Unnamed: 0,Predicted non-flirting,Predicted flirting
Is non-flirting,0.967797,0.032203
Is flirting,0.604651,0.395349


In [73]:
svc.score(X_test, y_test)

0.8650904033379694

In [74]:
# Multinomial Naive Baynes
y_true = y_test
y_pred = bayes.predict(X_test)
matrix = confusion_matrix(y_true, y_pred)

label_names = pd.Series(['non-flirting', 'flirting'])
pd.DataFrame(matrix,
     columns='Predicted ' + label_names,
     index='Is ' + label_names).div(matrix.sum(axis=1), axis=0)

Unnamed: 0,Predicted non-flirting,Predicted flirting
Is non-flirting,0.99661,0.00339
Is flirting,0.790698,0.209302


In [75]:
bayes.score(X_test, y_test)

0.8553546592489569

In [89]:
df.polarity.value_counts()

0.0    2370
1.0     503
Name: polarity, dtype: int64

# Final thoughts 

I'll be the first to admit that this flirtation model is rudimentary at best. I'll also admit that just about everything displayed comes straight from Soma's homework. 

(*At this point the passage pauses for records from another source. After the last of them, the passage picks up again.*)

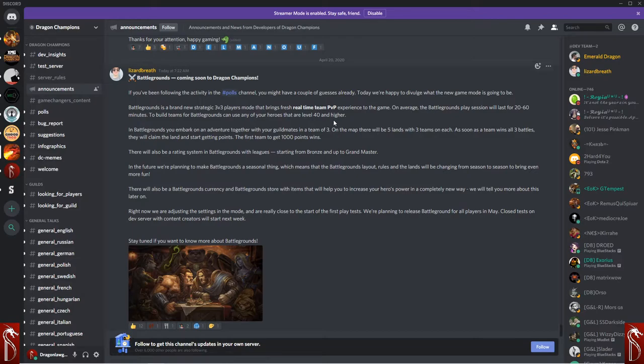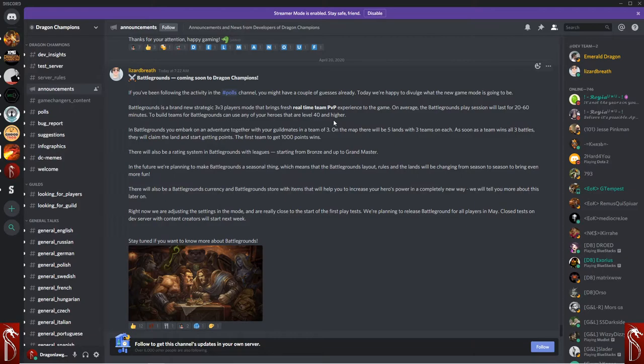Right now, they're adjusting the settings in the mode, and they're really close to starting the first playtest. They'll be releasing Battlegrounds for all players in May. Closed tests on the dev server with content creators will start next week.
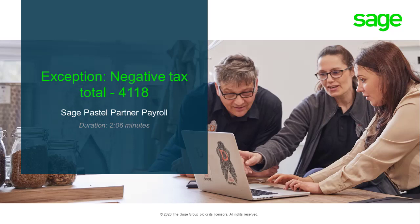Hello and welcome to the Sage Pastel Partner Payroll How-To Video for the Exception Negative Tax Total 4118.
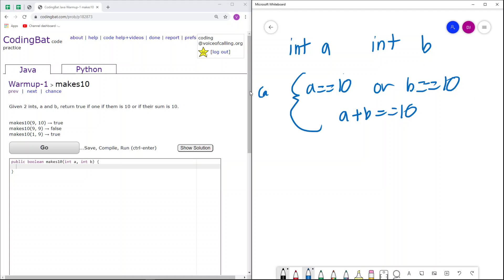So these are the cases to return true. Next, we have 9 and 9. You can see that none of these conditions are satisfied. Neither of them are 10 and they do not sum to 10. As a result, we just return false.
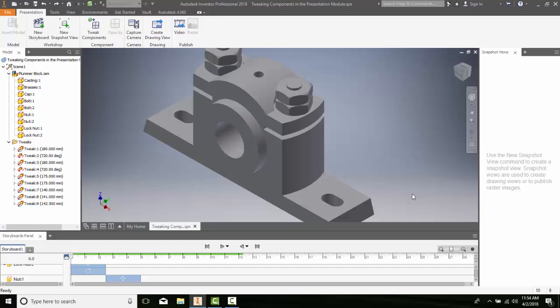Changing the opacity of a component. We can change the opacity of a component in an assembly. This allows us to see through it. Opacity is the ability not to see through something, and transparency is the ability to see through something.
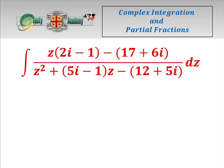Even though this integral looks familiar to its real counterpart, because we're dealing with complex Z and we have complex coefficients, every step of the calculation to evaluate this is more difficult than its real counterpart. So let's start. What we need to do, first of all, as if it was real, we need to factorise the bottom, which is no easy feat. We're going to use the quadratic formula.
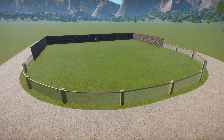Planet Zoo Update 1.9 has added the capability for us to create our own hot springs, which the capybara and the Japanese macaques will actively use to bathe in. In this video I'm going to show you how to create your own hot spring and get it working correctly.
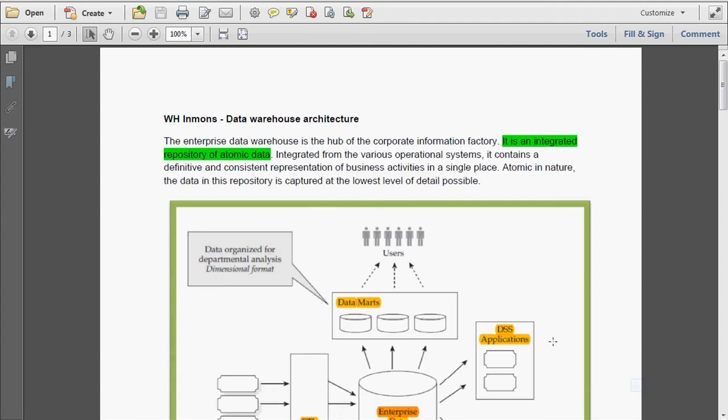Hi, today we are going to see the topic: the difference between WH Inman's Data Warehouse architecture and Ralph Kimball's Data Warehouse architecture. According to Mr. WH Inman, the Enterprise Data Warehouse is the hub of the corporate information factory.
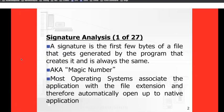Sometimes you may hear me talk about a file signature, and a file signature is normally referenced as a hash value. That could be true if I'm surrounding it in the context of hashing. In this case, when we talk about signature analysis or file header signatures, we're referencing the file header component — the first few bytes of a file. The signature is the first few bytes of a file that are generated by the program that creates it, and that is always the same.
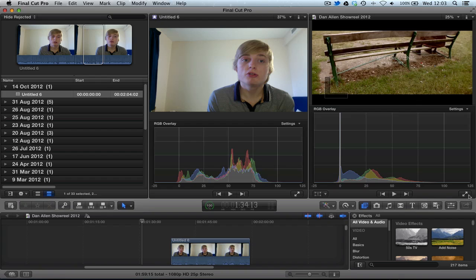So thanks for watching and I'll be back immediately with some more tutorials on the new features inside of Final Cut Pro X.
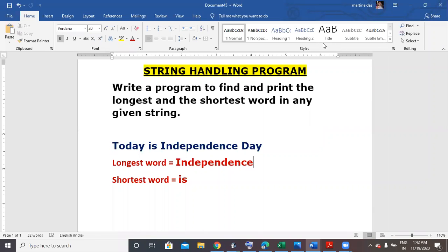In this video, we'll be doing a program on String handling. The question is: write a program to find and print the longest and the shortest word in any given string. Let's say the string is 'today is independence day'. So the longest word is 'independence' and the shortest word is 'is', because 'independence' has the maximum number of characters and 'is' has the least number of characters.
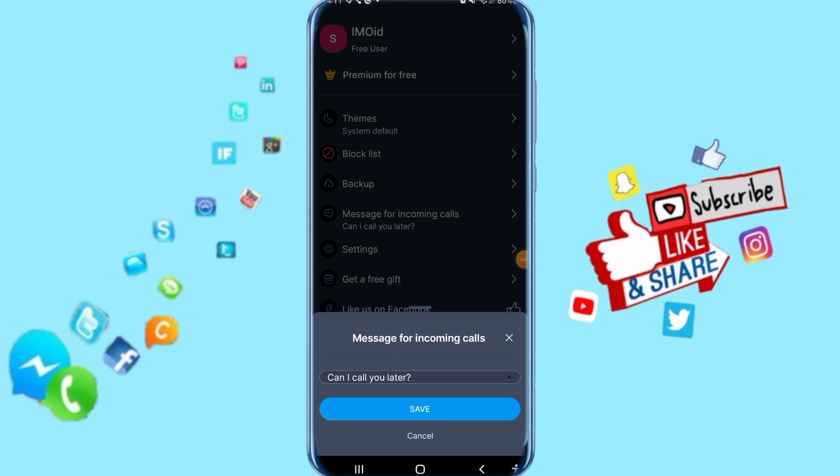You just click here on save then it's going to save with you. That's all you have to do. Thank you for watching, don't forget to support us by liking and subscribing.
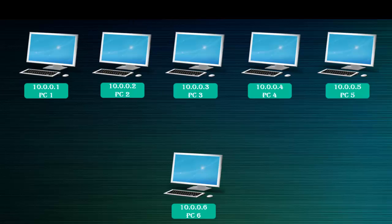For example, here you see PC1 is assigned with the IP address 10.0.0.1. Same in PC2, it's assigned the IP address 10.0.0.2. In PC3 it's 10.0.0.3, and in PC6 it's assigned the IP address 10.0.0.6.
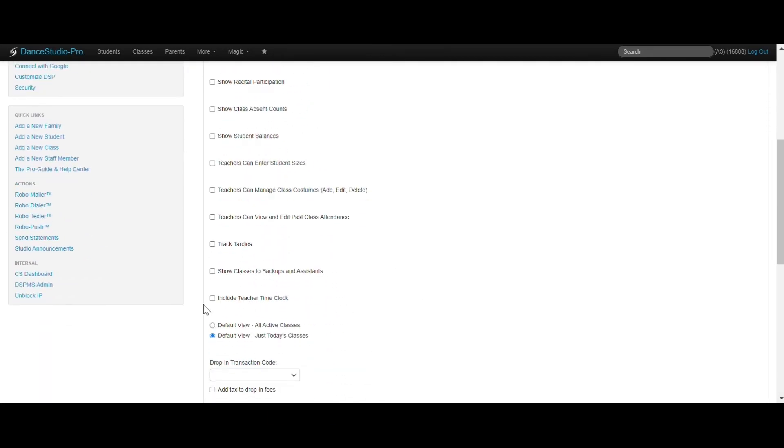Quick access to the mobile time clock can also be selected here, so they only have to access one link to view class information and log their hours.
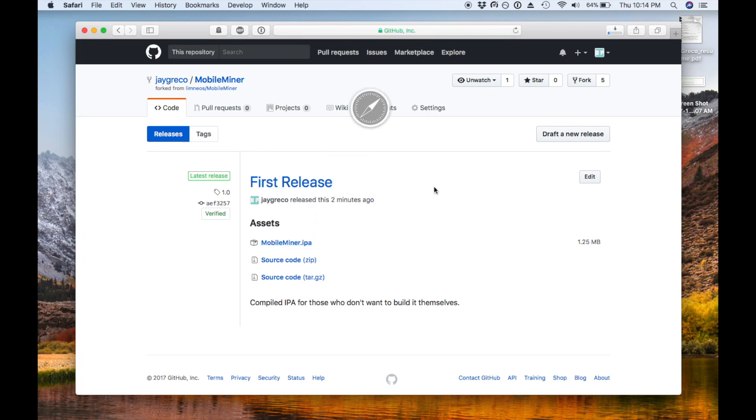Now we're going to use Cydia Impactor which is a clever tool that allows you to install apps without a jailbreak. I've actually covered this in a previous video so I'm going to splice that clip in here.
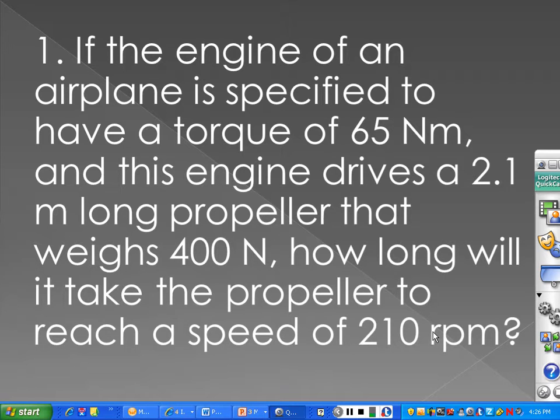You will need to look in Chapter 7 under definitions that relate to angular acceleration and angular velocity.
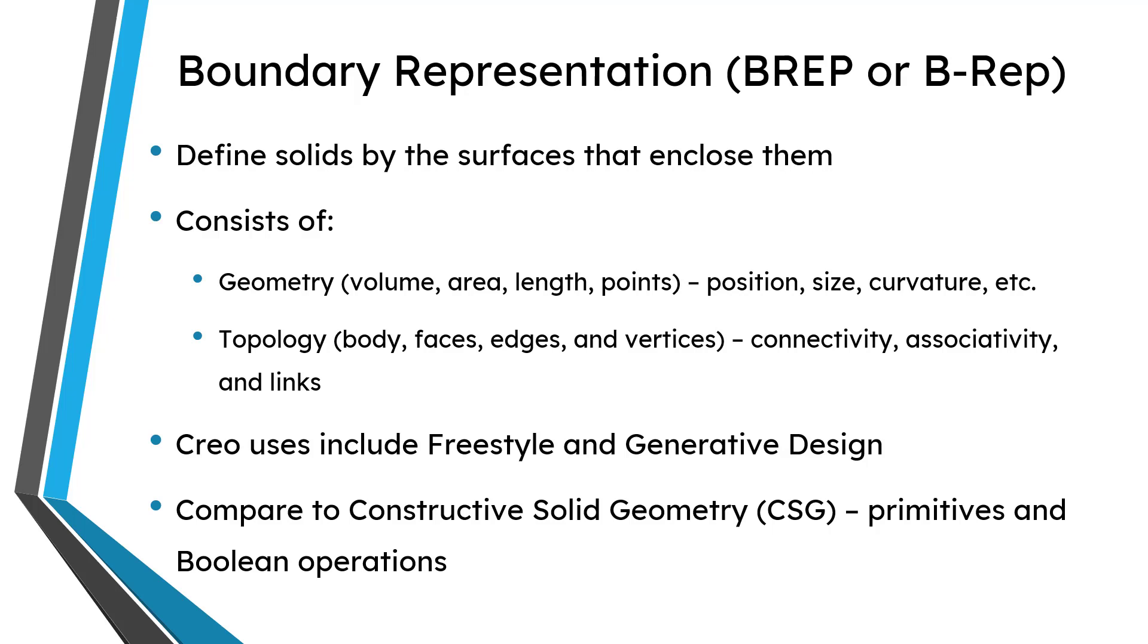And another kind of geometry that you have, another way of representing 3D models, is something called constructive solid geometry. And actually, the first two CAD packages that I used in industry were of the CSG type. I started out on Ideas and CATIA V3, which were pure CSG kind of software tools. And the way that constructive solid geometry works is you start off with primitives.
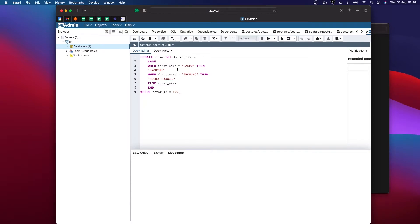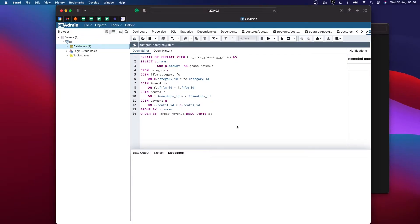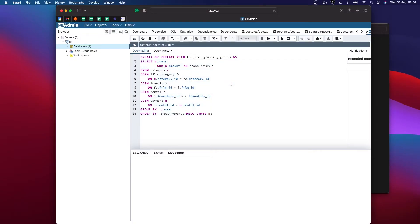This one sets the first name of an actor in the actor table, depending on some particular case where a particular actor ID is met. SQL can do much more than that, and queries can get really complicated — this is a tiny one, to be honest, but I won't get into that now.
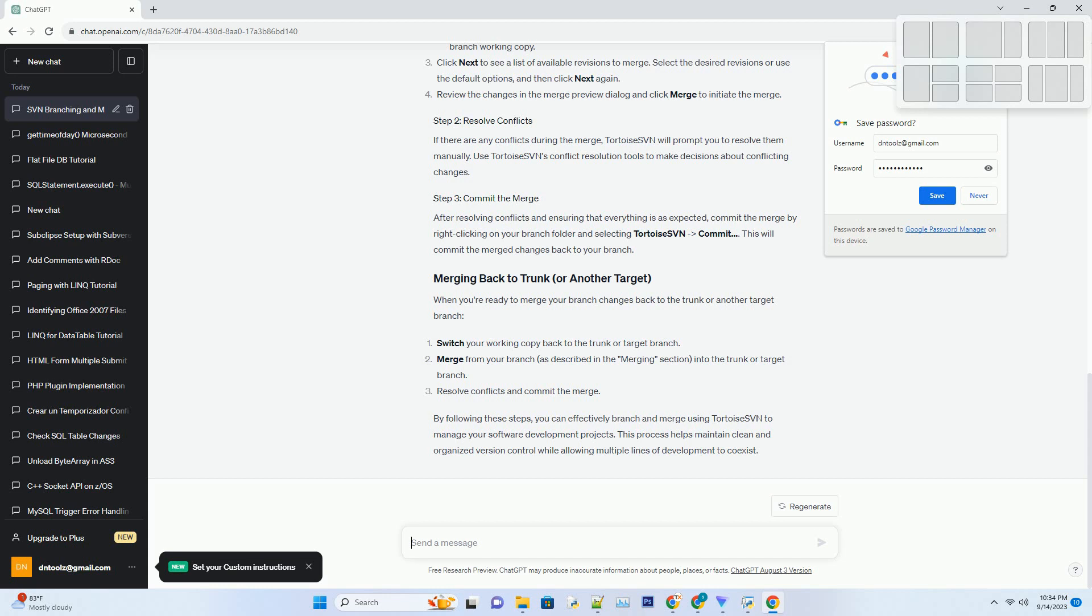To path, specify the local folder where you want to merge changes. This should be your branch working copy. Click Next to see a list of available revisions to merge. Select the desired revisions or use the default options, and then click Next again.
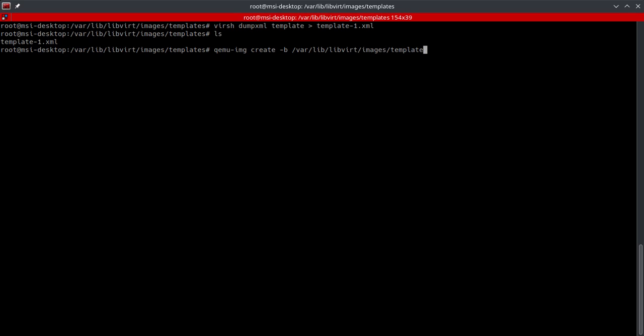All right, and then we're going to go ahead and space over and do a capital F, which is going to be the format of the backing image, which in our case is qcow2. Then we're going to do a lowercase f, which is going to be the format of the new drive that we're creating, and that's going to be qcow2 again.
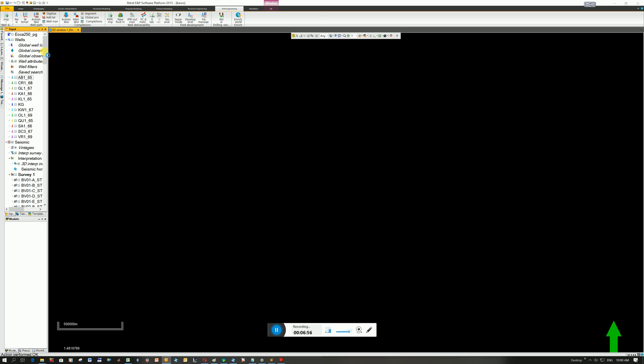And I can just click on Wells. I'm in a 2D window and it displays it on screen. So these are the tops of the wells. It's how to load them all in at once. Instead of having to do them one at a time.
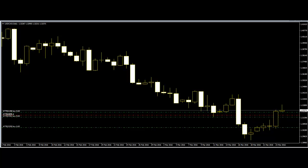A more technical explanation is that price action is the movement of a security's price. This action is encompassed in technical chart pattern analysis, which attempts to find order in the sometimes seemingly random movement of price swings high and low.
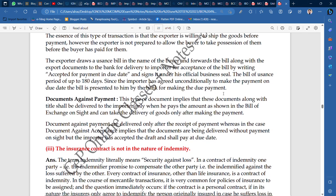Now, documents against payment. This type of document implies that the documents along with title shall be delivered to the importer only when he pays the amount as shown in the bill of exchange on sight, and he can take delivery of goods only after making the payment. The bank will not give any document to the importer until he completes the payment. Documents against payment are delivered only after receipt of payment, whereas in documents against acceptance, documents are delivered without payment on sight, but the importer accepts the draft and shall pay on the due date.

There are several flaws to this model and I'll categorize them as 1. Data Selection, 2. Size, 3. Consistency. 

1. Data Selection
> When I selected the data, I did not do it randomly. Instead, I selected the first 1500 and merged it with the last 1500 messages. Why? Because the first half of the whole conversations data were only male-user whereas the last half was only female-users. It has to do with how I merged the dataframes. Additionally, this meant that the messages used in the testing and training data came from only a handful of users. For next time, I'll take the time to find a function that will randomly select the messages used.
2. Size
> My model needs much more examples to train on. Out of the ~3000 messages, only 503 were rated as 1. 
3. Consistency
> When I was rating the polarity of the training dataset, I realized that I did't have a proper definition of what flirting means. What Carson (Thank you again) thought was "not flirting", I would consider otherwise and vice versa. Does that mean I should include more fields to measure? More than likely.

All in all, while it was fun to see what the flirtation model could look like but I have a long journey ahead of me. There's so much more I need to learn when it comes to sentiment analysis, NLP, and general machine learning. I find it to be excellent practice for the long run and am eager to see what other projects I can create next.